As a business owner, you know all too well that there are times when there is not enough cash to go around. This can happen for many reasons, but for some, it is simply a reflection of the gap between merchandise going out and payments on invoices coming in. Banks aren’t always able to provide enough working capital either, even if a company has good financials.
As a result business owners find themselves creating alternative solutions to get money flowing again; like adjusting the terms of the invoice or offering discounts to get paid before the invoice is due so that they don’t have to borrow from lenders. Usually, this discount is expressed as 2% /10 net 30. Simply stated, you will accept 2% less of the invoice amount if your client pays within ten days.
While an ‘early pay discount’ may sound good, it can cause a significant loss in funds over time.
Let’s look at the math.
Say that we sell you a box of widgets for $10,000.
Once you receive the widgets, I will issue you an invoice for $10,000 that is due within 30 days.
In that invoice, I state to you that I will accept a 2% discount if you pay that invoice within 10 days.
Effectively, I am saying to you that if you accelerate my cash flow by 20 days (paying early), then I will accept $9,800 as full and final payment. (Reflecting the 2% discount.)
Sounds like a win-win right?
Well consider this:
If your customer chooses to take advantage of the discount noted above, you now have use of the amount of $9,800 for an additional 20 days, which in turn reduces the funding needed from lenders by the same amount.

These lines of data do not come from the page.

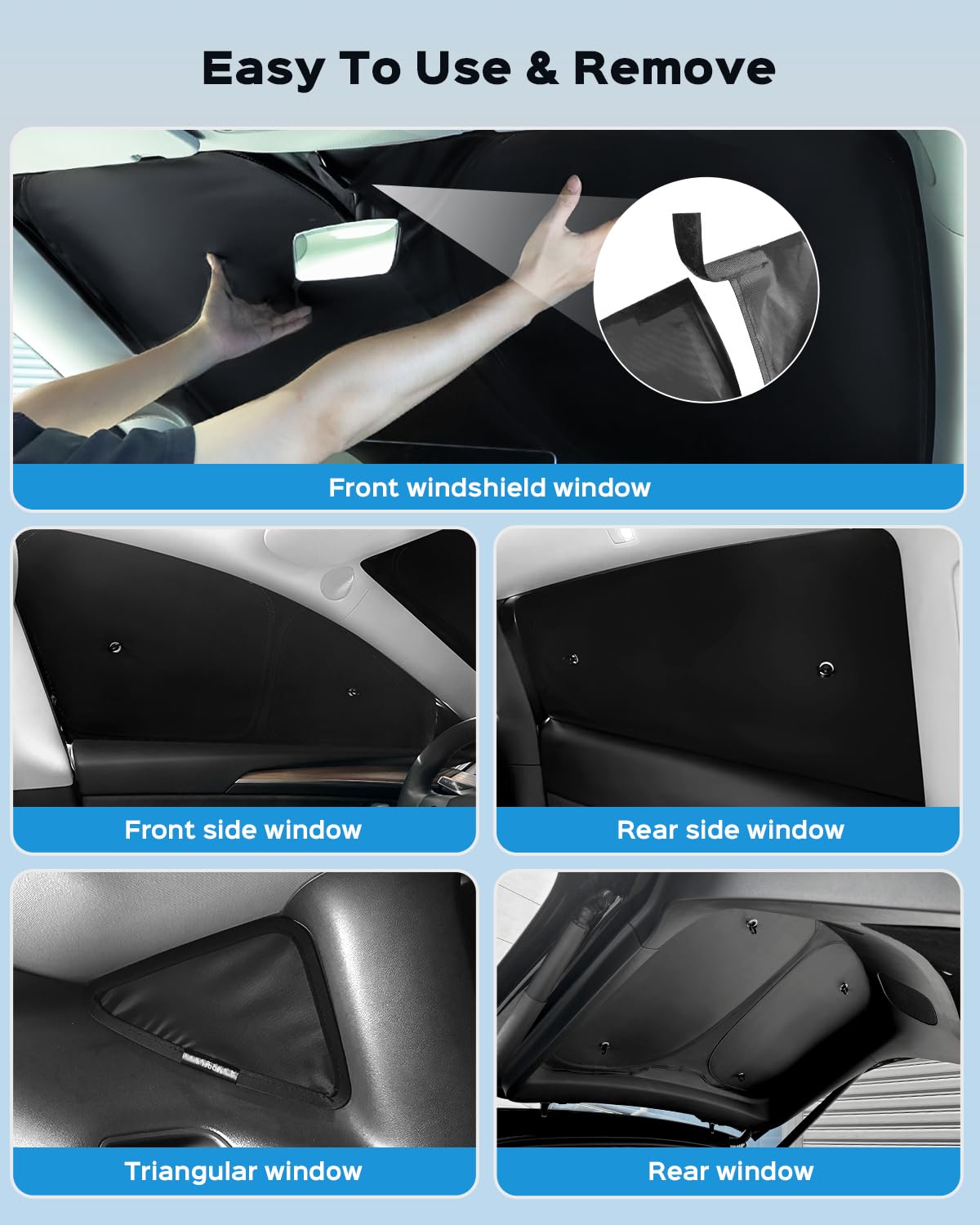 Pare-Soleil 8 pièces pour Tesla Model Y(2020-2024), Couverture de sphère privée pour Pare-Brise et Lunette arrière, Pare-Soleil, Accessoires isolés thermiquement Model Y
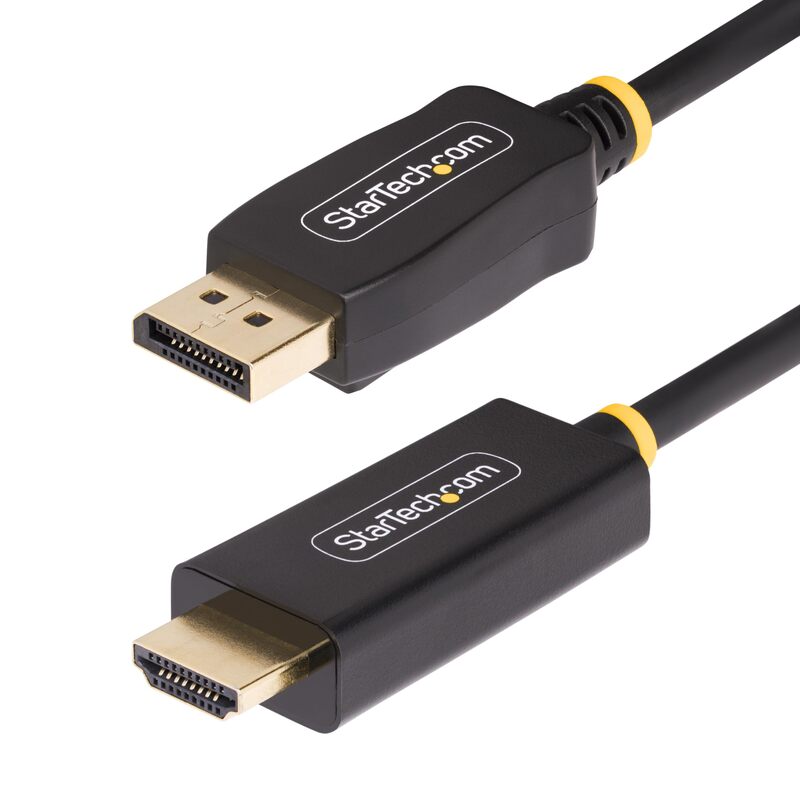 StarTech.com 6.6ft (2m) DisplayPort to HDMI Adapter Cable, 4K 60Hz with HDR, DP to HDMI 2.0b Cable, Active Video Converter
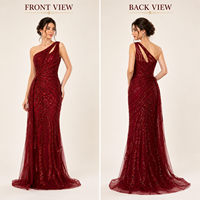 Robe de soirée longue sirène rouge moderne de luxe à une épaule |   Robe en tulle brodée de sequins avec traîne |   OEM Marque Privée Inde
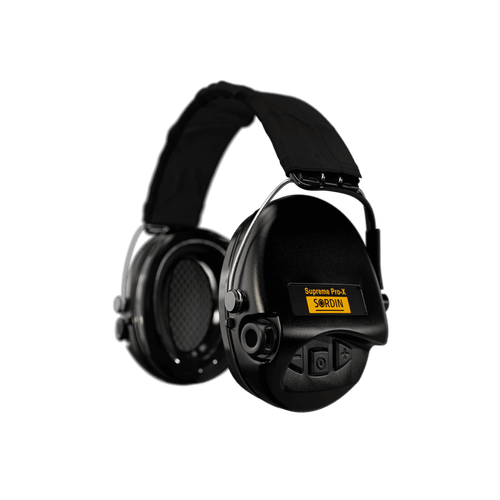 SUPREME PRO-X ELECTRONIC EAR MUFFS W/TEXTILE HEADBAND BLACK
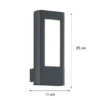 2er SET LED Außenwandlampen Anthrazit, Höhe 25cm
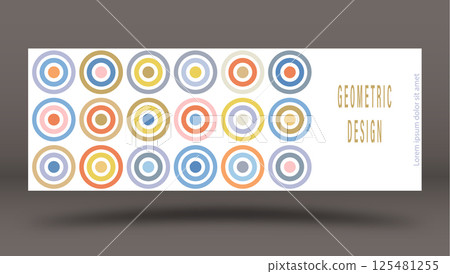 Multicolored circles. Layout for background, cover, screensaver, website and creative idea. The idea of interior design, corporate style and decorative creativity 125481255
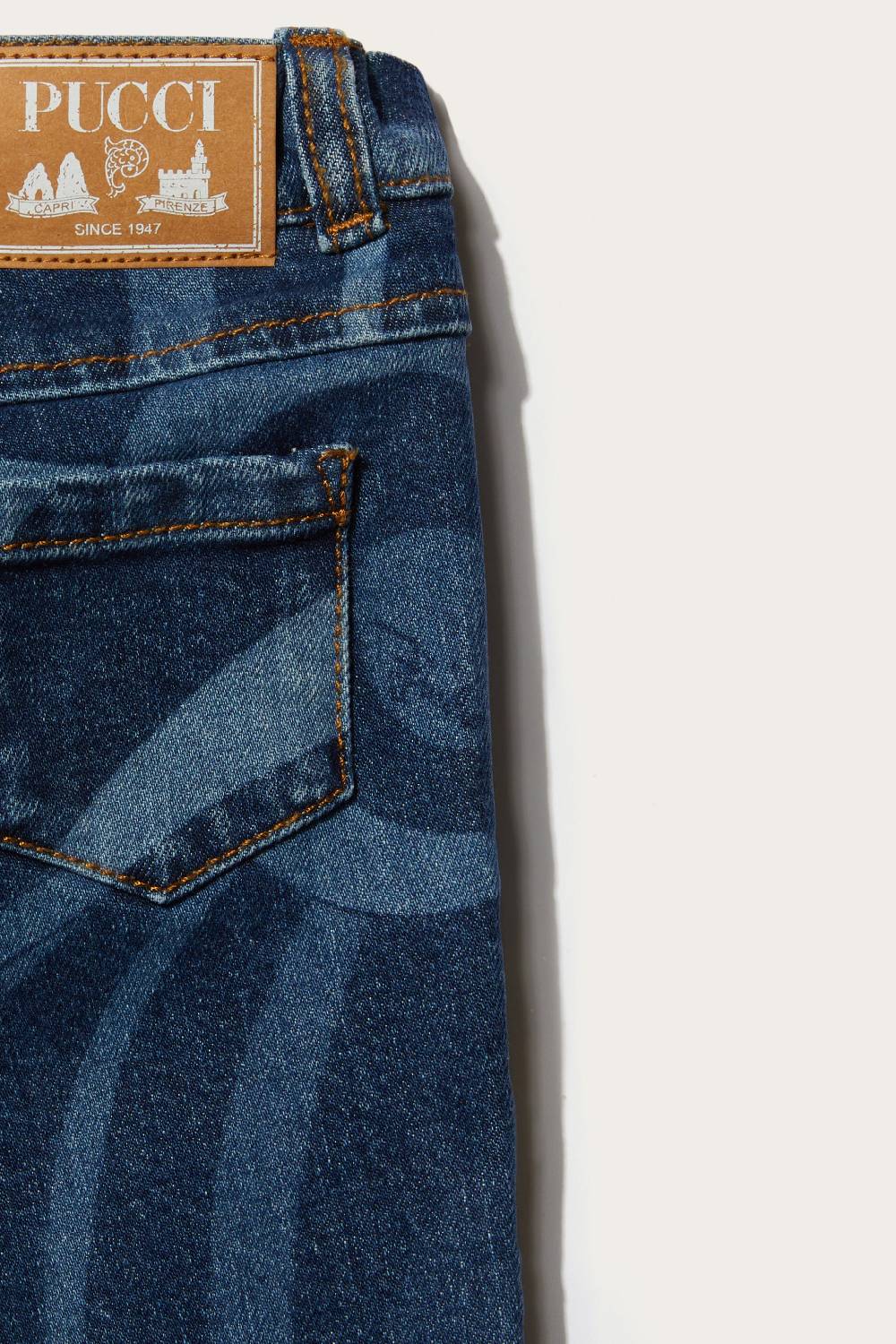 Pucci Marmo-Print Straight-Leg Jeans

But let’s say that you’re using the same numbers in this next math equation. Except that we’re going to take the $200 ‘discount’ and break it down in reverse to show you how much the equivalent of that would be as an ‘interest percentage’IF you would have gotten a loan to get you through that 20 day period.
Interest Rate for 20 days: = $200 (identified earlier as 2%)
Annual Interest Rate = (2% /20 days) x 365 days in a year = 36.5%
That would be the equivalent of paying 36% interest on the $9,800!
Shocking isn’t it?!
From that angle, it is easy to see that if a businesscould borrowat a rate which is less than the calculated annual interest rate (shown above), then it would be preferable to do so rather than offer the customer the early payment discount, right?